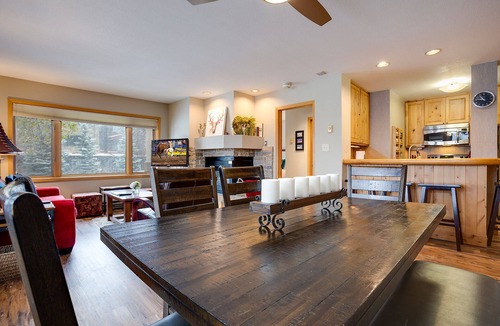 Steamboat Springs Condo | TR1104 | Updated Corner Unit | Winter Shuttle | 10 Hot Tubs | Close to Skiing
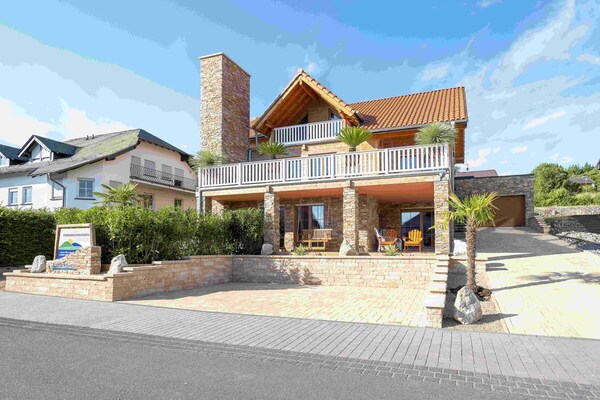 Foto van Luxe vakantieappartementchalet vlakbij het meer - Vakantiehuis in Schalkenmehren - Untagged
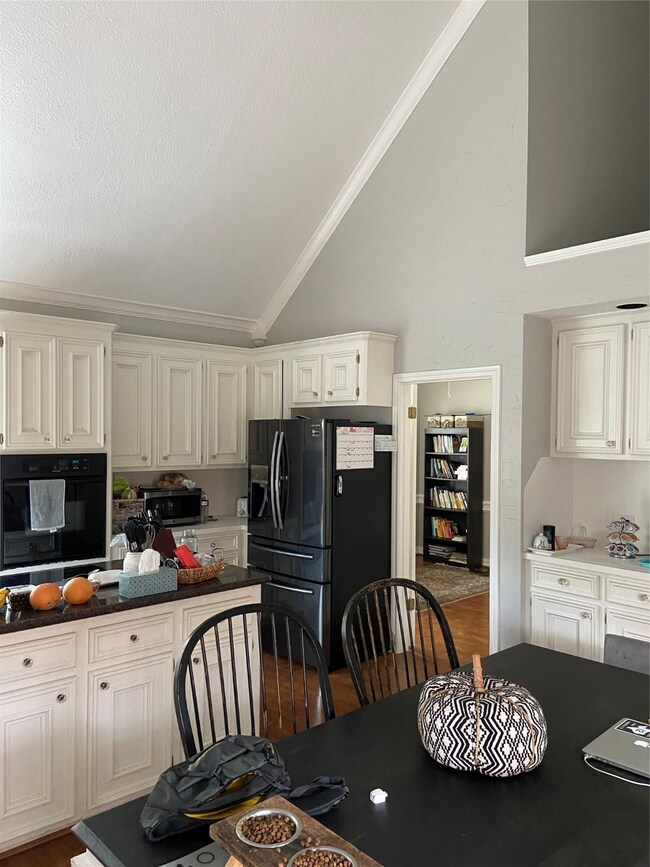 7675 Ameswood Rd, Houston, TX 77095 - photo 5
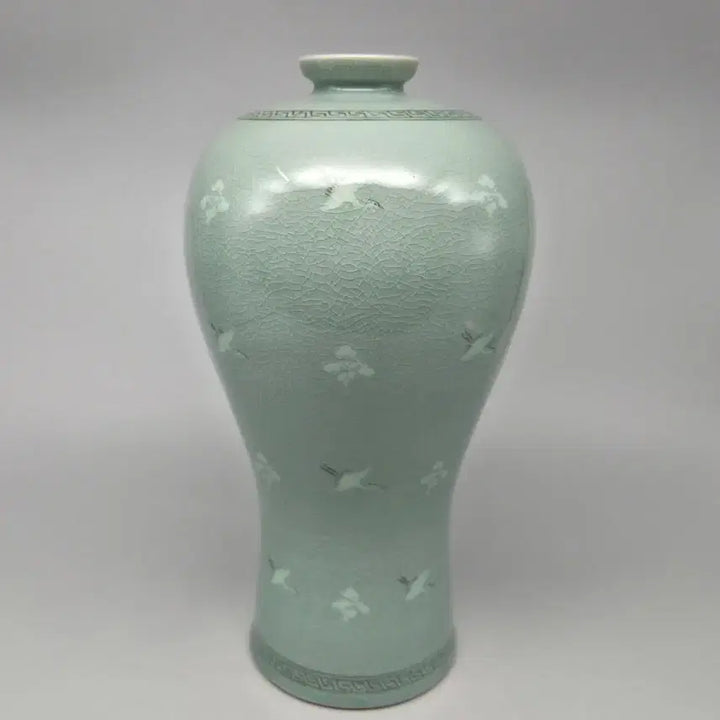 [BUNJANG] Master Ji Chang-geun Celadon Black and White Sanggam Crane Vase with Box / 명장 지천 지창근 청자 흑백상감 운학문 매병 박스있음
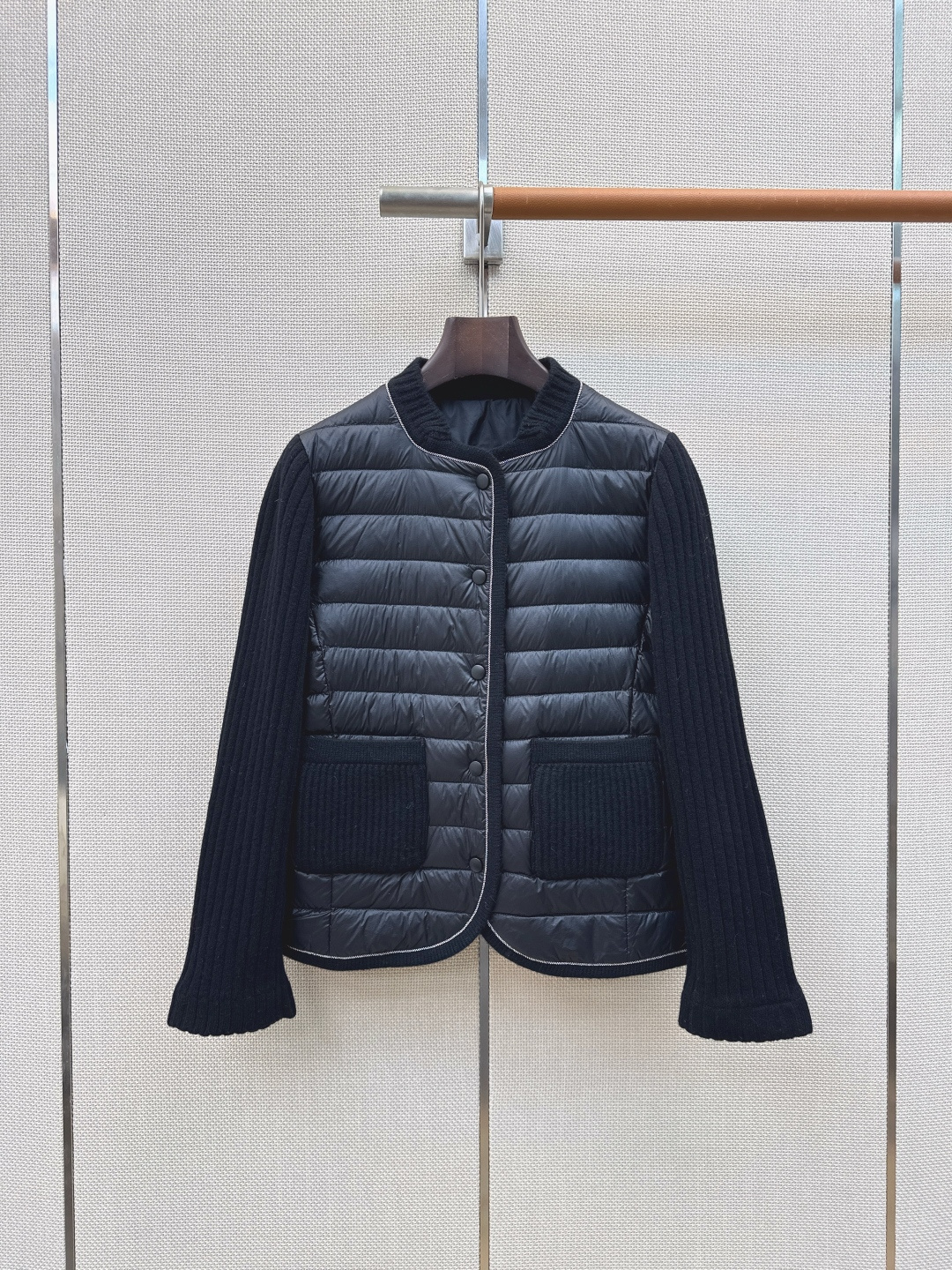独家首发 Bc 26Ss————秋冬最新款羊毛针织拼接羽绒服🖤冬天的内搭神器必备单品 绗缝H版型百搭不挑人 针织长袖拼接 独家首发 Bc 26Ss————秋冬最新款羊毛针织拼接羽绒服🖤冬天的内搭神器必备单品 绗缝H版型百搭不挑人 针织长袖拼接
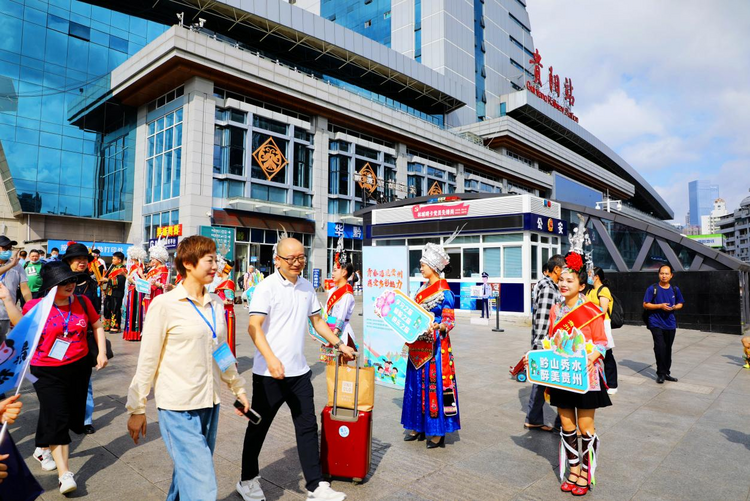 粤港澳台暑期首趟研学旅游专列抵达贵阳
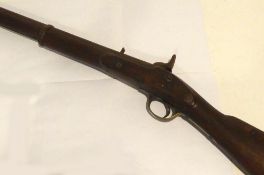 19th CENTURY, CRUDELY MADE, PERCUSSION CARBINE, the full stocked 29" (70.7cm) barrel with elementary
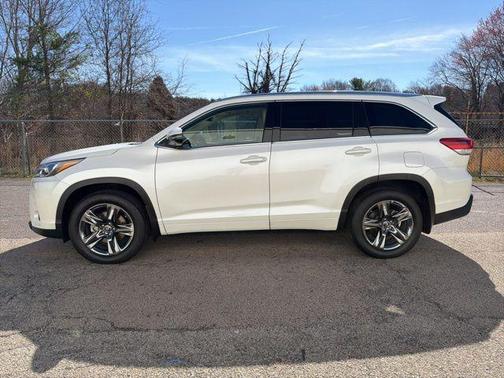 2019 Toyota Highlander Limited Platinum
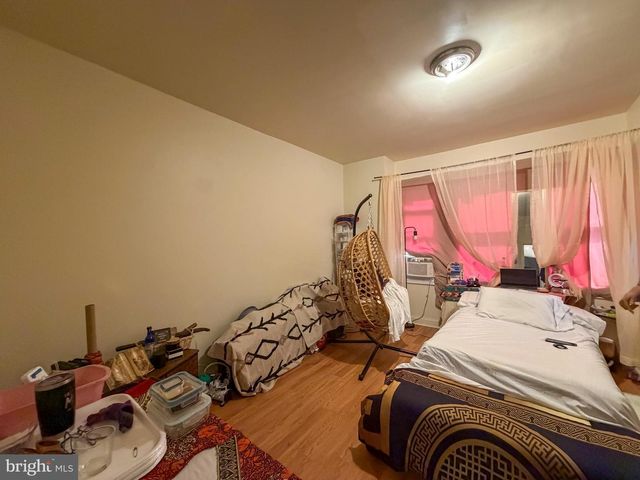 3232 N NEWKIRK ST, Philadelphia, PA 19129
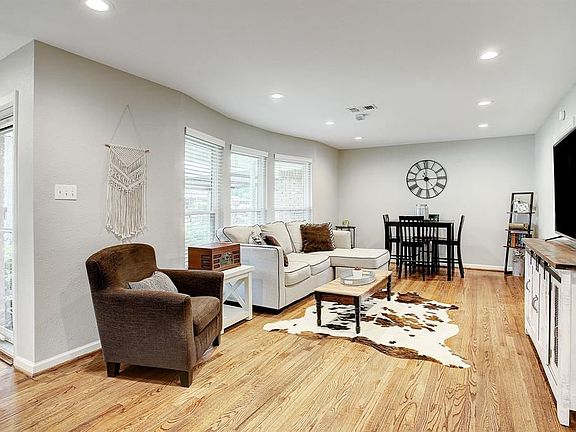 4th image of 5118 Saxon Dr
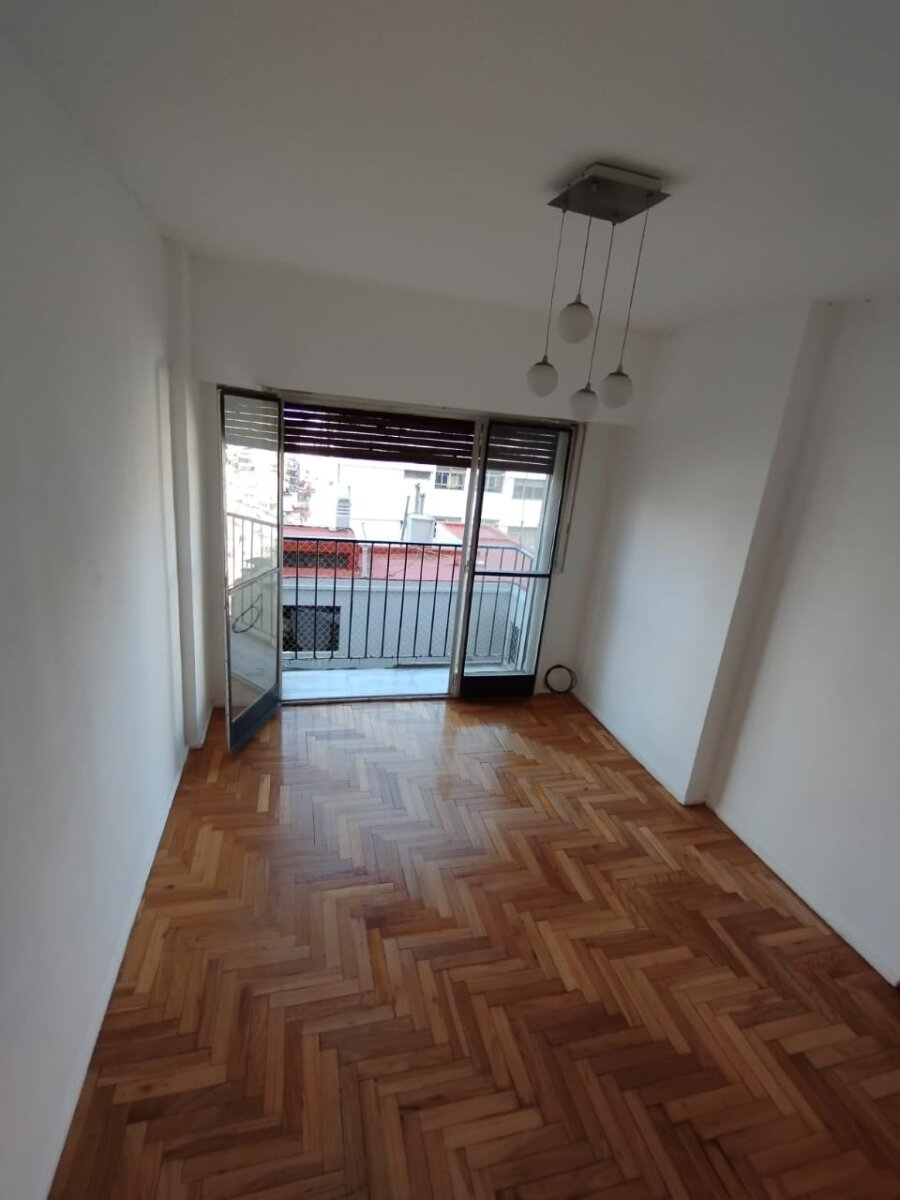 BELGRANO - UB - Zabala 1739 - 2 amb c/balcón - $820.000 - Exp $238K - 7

========

## REQUIREMENT
Restate each entry exactly, omitting pictures.

## ANSWER TO THIS PROBLEM
 Steamboat Springs Condo | TR1104 | Updated Corner Unit | Winter Shuttle | 10 Hot Tubs | Close to Skiing
 Foto van Luxe vakantieappartementchalet vlakbij het meer - Vakantiehuis in Schalkenmehren - Untagged
 7675 Ameswood Rd, Houston, TX 77095 - photo 5
 [BUNJANG] Master Ji Chang-geun Celadon Black and White Sanggam Crane Vase with Box / 명장 지천 지창근 청자 흑백상감 운학문 매병 박스있음
独家首发 Bc 26Ss————秋冬最新款羊毛针织拼接羽绒服🖤冬天的内搭神器必备单品 绗缝H版型百搭不挑人 针织长袖拼接 独家首发 Bc 26Ss————秋冬最新款羊毛针织拼接羽绒服🖤冬天的内搭神器必备单品 绗缝H版型百搭不挑人 针织长袖拼接
 粤港澳台暑期首趟研学旅游专列抵达贵阳
 19th CENTURY, CRUDELY MADE, PERCUSSION CARBINE, the full stocked 29" (70.7cm) barrel with elementary
 2019 Toyota Highlander Limited Platinum
 3232 N NEWKIRK ST, Philadelphia, PA 19129
 4th image of 5118 Saxon Dr
 BELGRANO - UB - Zabala 1739 - 2 amb c/balcón - $820.000 - Exp $238K - 7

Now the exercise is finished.